Since making the purchase, I have certainly done my part in trying to raise awareness of George and its celebrations. Even wore it down to Florida, so there are tales Orlando and Jacksonville residents tell one another of that obnoxious guy from Washington State who wouldn't shut up about giant cherry pie.

It's the kind of shirt one meets one's future wife while wearing. In fact, I'm convinced I'll be wearing it somewhere crowded and, there amongst the great and massive throngs of people, I'll spy her, wearing her own shirt with Abraham Lincoln or, better yet, William Henry Harrison upon it, and our eyes will meet and …

"And the rest was history," we'll tell our grandchildren and great-grandchildren, who will roll their own eyes, having heard this story so many times they know it by heart.

Wearing the T-shirt has become akin to other great, favorite T-shirts I've worn throughout my lifetime, like the "Ghostbusters 2" shirt I wore in the late 1980s until it literally fell apart and off my person or the aqua-green T-shirt with the tan khaki shorts I plan to resurrect from my closet the instant such an ensemble becomes sane in an appropriate climate, so probably in late March.
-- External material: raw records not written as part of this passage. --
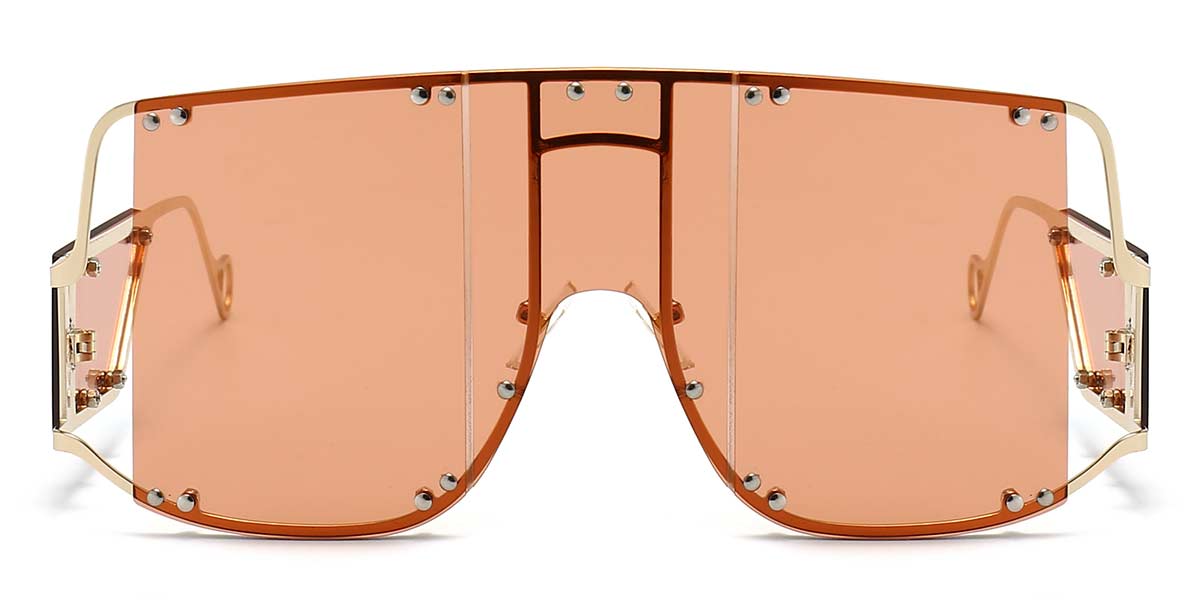 Gold Orange - Square Sunglasses - Cyra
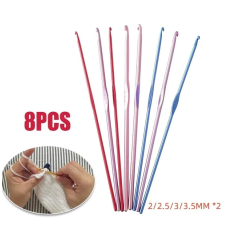 Набір металевих гачків для в“язання 8 шт.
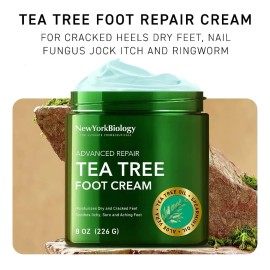 Crema De Pies Con Aceite Árbol De Té Para Pies Secos Y Agrie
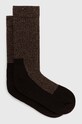 Red Wing wool blend socks ankle socks brown 97640.09120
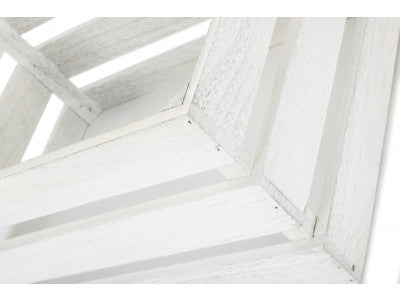 Basket, MEDIUM VINTAGE SLATTED WOODEN CRATE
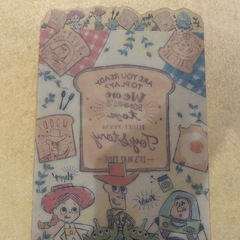 トイストーリー　下敷き　中古の画像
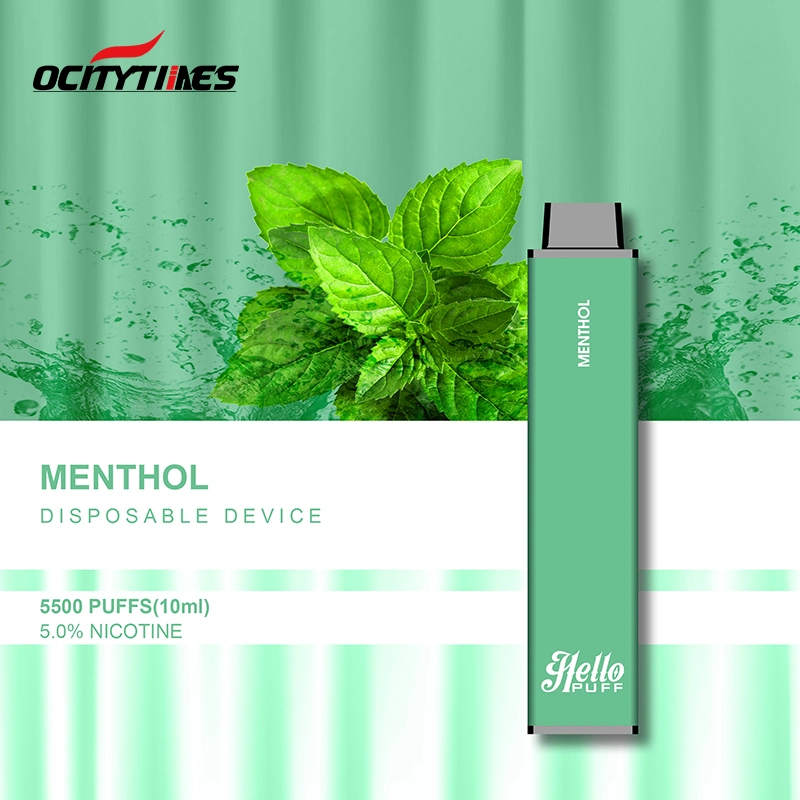 Ocitytimes Hellopuff 5500 Puff (10 flavors) (Mesh Coil) Disposable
Of course, wearing a favored T-shirt until it wears thin comes with its own dangers - brushing against barbed wire, for instance, or if some genius decides to give a particularly well-placed tug.

Or, as was the case with my first George T-shirt, which fell prey to a recent lunch at one of my favorite fast food haunts.

In retrospect, that dab of fry sauce was particularly precariously placed atop my french fry.

The stain came out, but I didn't want to take my chances any longer. Anytime I like a particular article of clothing, it's like the forces of fate have marked it for destruction in the form of spillable substances.

So I called up and ordered two more shirts, thus guaranteeing I can spread the word about George for many years to come.

Matthew Weaver is senior staff writer for the Columbia Basin Herald. His father took him out of "Ghostbusters 2" the first time they went to see it in theaters because it was a little scary for an almost nine-year-old, but later that summer he got braver and they went back and watched it all the way through.